Penelusuran ini dilakukan untuk memberikan perhatian khusus terkait indikasi penyalahgunaan dana bantuan kemanusiaan yang dikelola oleh ACT. Hal ini didasarkan pada kewenangan yang dimiliki sesuai peraturan perundang-undangan khususnya Undang-Undang Nomor 8 Tahun 2010 tentang Pencegahan dan Pemberantasan Tindak Pidana Pencucian Uang, serta Peraturan Presiden Nomor 50 Tahun 2011 tentang Tata Cara Pelaksanaan Kewenangan PPATK.
“Saat ini PPATK telah melakukan penghentian sementara transaksi di 141 CIF pada lebih dari 300 rekening yang dimiliki oleh ACT, yang tersebar di 41 penyedia jasa keuangan (PJK),” kata Kepala PPATK Ivan Yustiavandana dalam keterangan tertulis, Kamis (7/7/2022).

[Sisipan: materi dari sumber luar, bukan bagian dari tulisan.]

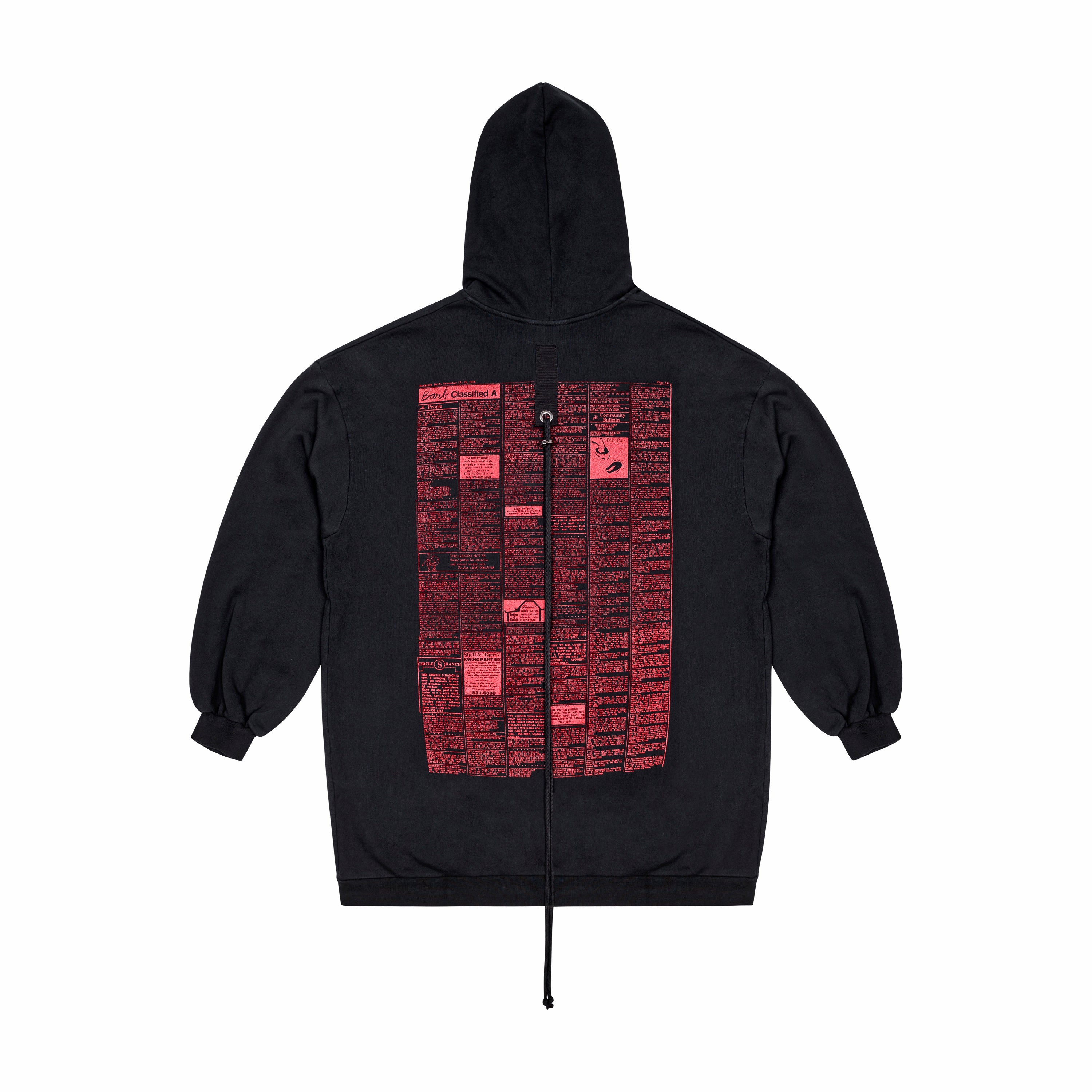 ZIPPED HOODIE PRINT 02, BLACK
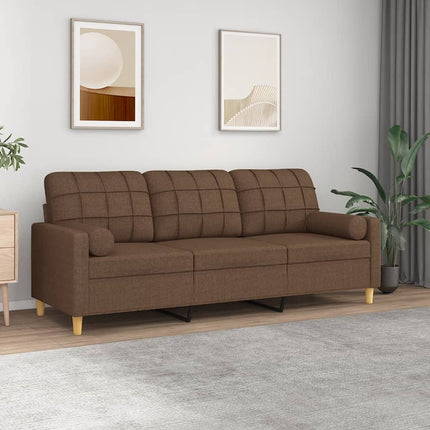 3-sitssoffa med prydnadskuddar brun 180 cm tyg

Berdasarkan data transaksi dari dan ke Indonesia pada periode 2014 sampai dengan Juli 2022 yang terkait ACT, terdapat dana masuk yang bersumber dari luar negeri sebesar total Rp 64.946.453.924 dan dana keluar dari Indonesia sebesar Rp 52.947.467.313.
Ivan menegaskan, penghimpunan dan penyaluran bantuan harus dikelola dan dilakukan secara akuntabel, serta dengan memitigasi segala risiko baik dalam penghimpunan maupun penyaluran dana kemanusiaan. Salah satu respons PPATK atas hasil penilaian risiko tindak pidana pencucian uang dan tindak pidana pendanaan terorisme.
Dia tak memungkiri, PPATK mengindentifikasi adanya beberapa penyalahgunaan yayasan untuk media pencucian uang dan pendanaan terorisme. Terlebih, pemerintah telah mengeluarkan Peraturan Presiden Nomor 18 Tahun 2017 yang pada intinya meminta setiap ormas melakukan kegiatan penghimpunan dan penyaluran sumbangan untuk mengenali pemberi (know your donor) dan mengenali penerima (know your beneficiary).
“Serta melakukan pencatatan dan pelaporan yang akuntabel mengenai penerimaan bantuan kemanusiaan tersebut,” tegas Ivan.
PPATK juga mengharapkan, pihak yang melakukan kegiatan pengumpulan dan penyaluran dana bantuan kemanusian tidak resisten untuk memberikan ruang bagi pengawasan oleh Pemerintah. Karena aktivitas yang dilakukan oleh pihak penggalang dana dan donasi melibatkan masyarakat luas dan reputasi negara.
“PPATK berkomitmen untuk bekerja sama dengan Kementerian/Lembaga (K/L) terkait, termasuk aparat penegak hukum (Apgakum) dan Kementerian Sosial selaku Pembina Lembaga Kesejahteraan Sosial (LKS) dalam menyikapi permasalahan yang menarik perhatian masyarakat ini,” pungkas Ivan.